Я стою у самой крепкой стены, ощущая, как невидимые руки подбираются к вороту. В этот час я впервые вижу его – княжего представителя, знатного княжича, присланного с надеждой удержать порядок и сыскать истину. Имя ему – Ратибор.
Он появляется без обычной роскоши, без боевой свиты, без золотых медалей и алого плаща. Лицо его бледно, как месяц в полувзлете, глаза – холодные, утомлённые.

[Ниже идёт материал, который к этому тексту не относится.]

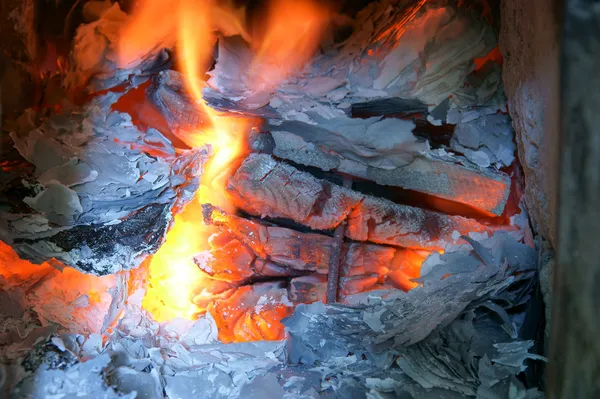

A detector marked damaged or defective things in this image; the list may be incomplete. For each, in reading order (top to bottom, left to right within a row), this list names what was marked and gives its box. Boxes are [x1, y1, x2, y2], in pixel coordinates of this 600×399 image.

burnt wood chunk [226, 155, 496, 252]
burnt wood chunk [268, 128, 510, 216]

И все же есть в его поступи отчётливый след власти, тяжести жизни, которую не разделяет никто из кривоборских.
Он молод – это видно по острой линии скул, по волосам, что ещё не тронуты сединой, по позе, в которой скрывается и усталость, и то, чему в простом селе не найти названия: оберегающая гордость, склонность к быстрому презрению, но вместе с тем и болезненная, выученная сдержанность. На нём простая, выцветшая рубаха, штаны, покрытые пылью, но вся его фигура, даже поза – будто нечто выкованное из холода и железа, таящая силу и опыт невидимых подвигов.
– Я – Ратибор, – сказал он, голос спокойный, гулкий, в котором не было ни сочувствия, ни угрозы, – вас здесь понял бы каждый третий, а я и вовсе чужой, однако не клеймите никого без проку. Дети исчезли – это беда для всех, не для одной ведьмы.
Мгновение казалось, что воздух вокруг него стал гуще, что даже прохладный ветерок, затесавшийся в щели между избами, затих, слушая, как он назначает стражу и поручает какие-то короткие распоряжения старосте и смелым мужикам. Он говорил так, что людям приходилось слушаться, не потому что хотели этого, а потому что не умели идти против уверенного в голоса после большой беды.
Я стояла, сплетая пальцы так, будто ещё немного, и мои костяшки затрещат, разлетятся серебряной пылью. Слово «ведьма» редки произносилось, но тяжело, будто в нём по крупице отмеряли и страх, и стыд. Староста держался рядом со мной, поддавшись привычке защищать своих, но в глазах его жила и усталость, и горечь, и ясно вычерченная мысль, что дни мои в этой деревне после такого слуха сочтены. Старые грехи и былые благодати забываются, когда великая беда стучится в двери.